Rumors swirled through the fashion industry over the summer as top design positions at prestigious brands like Valentino, Givenchy, and Chanel became available. Many expected Clare Waight Keller, the British designer best known for her work at Chloé and Givenchy, to take on a major role. However, in a surprising turn, Waight Keller took on a new challenge—joining Japanese high-street giant Uniqlo as the creative director overseeing both men’s and women’s wear.
The move is part of a larger industry trend, with more designers turning to accessible fashion. Celebrities like Sienna Miller and Kate Moss have launched collections for brands like M&S and Zara, while Zac Posen now leads Gap’s creative direction. Waight Keller’s decision to work with Uniqlo, which is known for its affordable basics, reflects this shift towards more accessible fashion offerings.
Bringing Femininity to Uniqlo’s Women’s Wear
Waight Keller’s goal at Uniqlo is to introduce a feminine touch and Western sensibility to the brand, which is renowned for its practical and unisex clothing, particularly its heat-tech thermals. “Their women’s wear always had a unisex feel, and I felt a lack of femininity that could attract a new customer base,” Waight Keller explains from her home in Cornwall, where she is recovering from jet lag after a recent visit to Uniqlo’s headquarters in Tokyo.
Waight Keller’s partnership with Uniqlo isn’t new. She began talks with the company three years ago and launched the first of three Uniqlo: C capsule collections in September 2023, which garnered positive reviews from fashion editors. The collaboration was an exciting new direction for her, with the designer spending more time in Tokyo and merging her efforts with Uniqlo’s main line.
Uniqlo’s Appeal Grows Among Stylish Shoppers
Uniqlo has become a favorite among fashion-conscious shoppers, rivaling brands like Zara and Mango. It is increasingly known for its guest designer collections, which have featured collaborations with names like JW Anderson, Anya Hindmarch, and former Hermès creative director Christophe Lemaire.
“There is a pride in wearing Uniqlo,” Waight Keller says, adding that she enjoys wearing their high-quality, reasonably priced cashmere sweaters. “The lack of logos makes it universal, and the clothes are beautifully made and great value. It’s democratic, offering timeless pieces that are not driven by fast-moving trends.”

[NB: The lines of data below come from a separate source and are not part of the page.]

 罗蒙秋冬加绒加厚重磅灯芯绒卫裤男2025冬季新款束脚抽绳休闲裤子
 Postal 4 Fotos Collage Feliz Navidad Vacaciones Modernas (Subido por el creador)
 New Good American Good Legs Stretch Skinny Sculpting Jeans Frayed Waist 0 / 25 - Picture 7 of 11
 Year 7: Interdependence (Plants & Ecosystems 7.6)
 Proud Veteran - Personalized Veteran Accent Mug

Fashion and Personal Style: A Mix of High and Low
Waight Keller emphasizes that dressing well today is all about mixing high-end pieces with affordable ones. “I have 21-year-old daughters who wear high-street clothes and then buy designer bags or shoes second-hand,” she says. “It’s about the mix, and there’s no shame in it. High and low can coexist.”

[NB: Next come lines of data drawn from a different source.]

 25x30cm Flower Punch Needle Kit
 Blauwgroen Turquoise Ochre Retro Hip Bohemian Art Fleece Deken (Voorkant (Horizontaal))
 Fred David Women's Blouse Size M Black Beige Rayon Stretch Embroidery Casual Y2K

Waight Keller also has a 13-year-old son and lives with her architect husband Peter in West London. Originally from Birmingham, she moved to London at 17 to study at Ravensbourne College. After cutting her teeth at Calvin Klein and Gucci, she returned to London for its multicultural vibrancy.
Championing Diversity in Fashion Leadership
Despite her success, Waight Keller remains passionate about improving diversity in fashion. She advocates for more women in leadership roles at luxury fashion houses. “We need to see more women at the top. The industry is still underserved in this regard,” she says.
Her support extends to Sarah Burton, the newly appointed creative director of Givenchy, wishing her well while expressing concern over the high fashion industry’s future. Waight Keller believes the rising prices in luxury fashion are a troubling sign, noting that items that cost less just a few years ago are now far more expensive.
A New Path in Fashion
For Waight Keller, her work at Uniqlo is not a retreat from high fashion. While she still cherishes her couture experience, she finds satisfaction in creating designs that are accessible to a wide range of people. “I think good design should be for everyone,” she says. “It’s incredibly rewarding to see so many people wear my designs. And for now, I’m enjoying this new path.”